Histoire d’Aladdin ou la lampe merveilleuse
Sire, reprit le grand vizir, il y a quelques jours qu’il est venu prendre congé de Votre Majesté ; il faut envoyer lui demander où est son palais, il ne doit pas l’ignorer.
– Ce serait le traiter avec trop d’indulgence, repartit le sultan ; va donner ordre à trente de mes cavaliers de me l’amener chargé de chaînes. » Le grand vizir alla donner l’ordre du sultan aux cavaliers, et il instruisit leur officier de quelle manière ils devaient s’y prendre, afin qu’il ne leur échappât pas. Ils partirent et ils rencontrèrent Aladdin à cinq ou six lieues de la ville, qui revenait en chassant. L’officier lui dit en l’abordant que le sultan, impatient de le revoir, les avait envoyés pour le lui témoigner, et revenir avec lui en l’accompagnant.
Aladdin n’eut pas le moindre soupçon du véritable sujet qui avait amené ce détachement de la garde du sultan ; il continua de revenir en chassant. Mais quand il fut à une demi-lieue de la ville, ce détachement l’environna, et l’officier, en prenant la parole, lui dit: «Prince Aladdin, c’est avec grand regret que nous vous déclarons l’ordre que nous avons du sultan de vous arrêter et de vous mener à lui en criminel d’état; nous vous supplions de ne pas trouver mauvais que nous nous acquittions de notre devoir et de nous le pardonner». Cette déclaration fut un sujet de grande surprise à Aladdin, qui se sentait innocent.
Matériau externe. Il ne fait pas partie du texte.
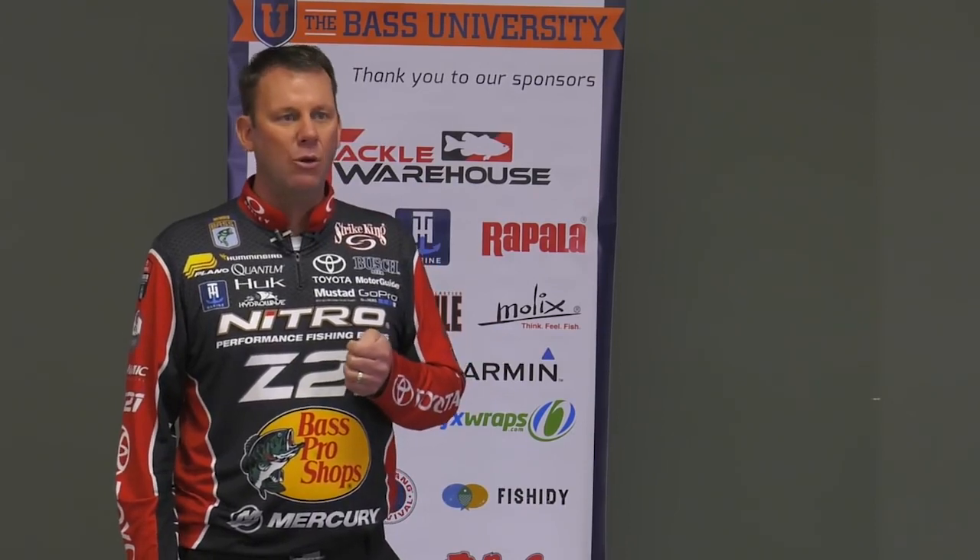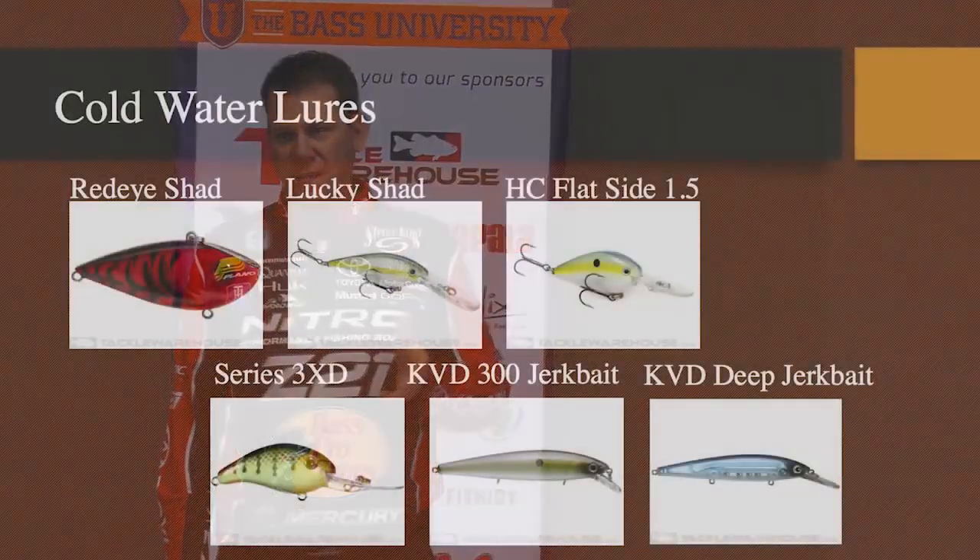Fluorocarbon is an absolute must in cold water, more so than ever. You want that fluorocarbon that sinks — it's going to help get those baits down there, and it makes a big difference. The other series of baits that I really use a lot in cold water power fishing is a jerkbait.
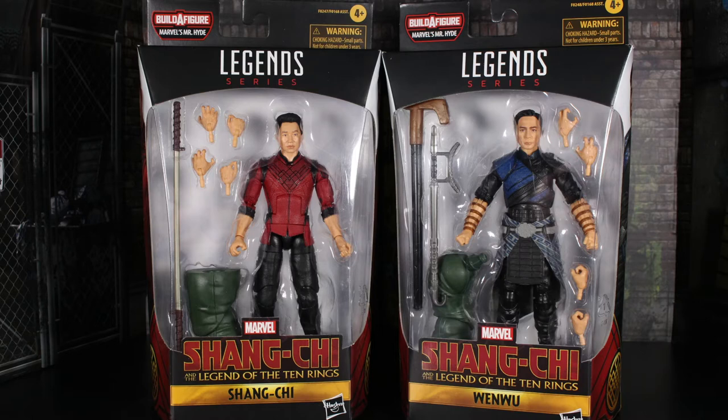Hey guys, what's up — it's TF Nut here, welcome back to the channel. To save up some time when editing, I'm going to be doing a double review today: the Marvel Legends series, part of the Marvel's Mr. Hyde series — Shang-Chi and the Legend of the Ten Rings: Shang-Chi and Wenwu. These figures came out of nowhere; some people got these over a week ago and I just found some today, like a lot of people, at a local Target.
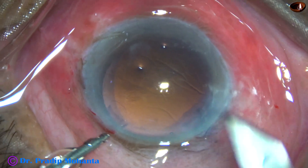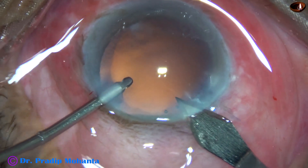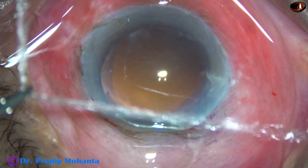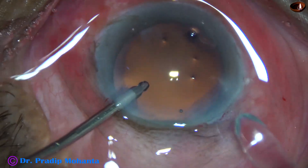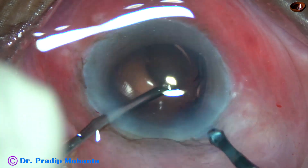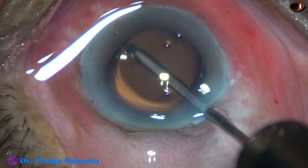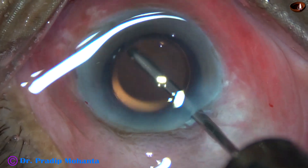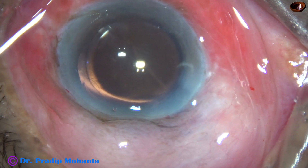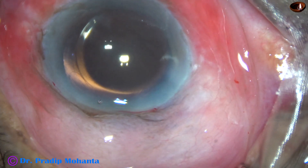In this case, I am going to use a bimanual cartridge, so I am going to enlarge the main wound a little bit — the 2.8 mm wound becomes about 3 mm. Now the tip of the cartridge can go into the anterior chamber, and the intraocular lens is safely delivered in the capsular bag. Otherwise, the lens may get stuck at the wound if we try wound-assisted delivery without enlarging the main wound. The eye is a bit deep-seated and there is some fluid collection over the cornea at times.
 Il demanda à l’officier s’il savait de quel crime il était accusé, à quoi il répondit que ni lui ni ses gens n’en savaient rien. Comme Aladdin vit que ses gens étaient de beaucoup inférieurs au détachement, et même qu’ils s’éloignaient, il mit pied à terre. « Me voilà, dit-il, exécutez l’ordre que vous avez. Je puis dire néanmoins que je ne me sens coupable d’aucun crime, ni envers la personne du sultan, ni envers l’Etat». On lui passa aussitôt au cou une chaîne fort grosse et fort longue dont on le lia aussi par le milieu du corps, de manière qu’il n’avait pas les bras libres.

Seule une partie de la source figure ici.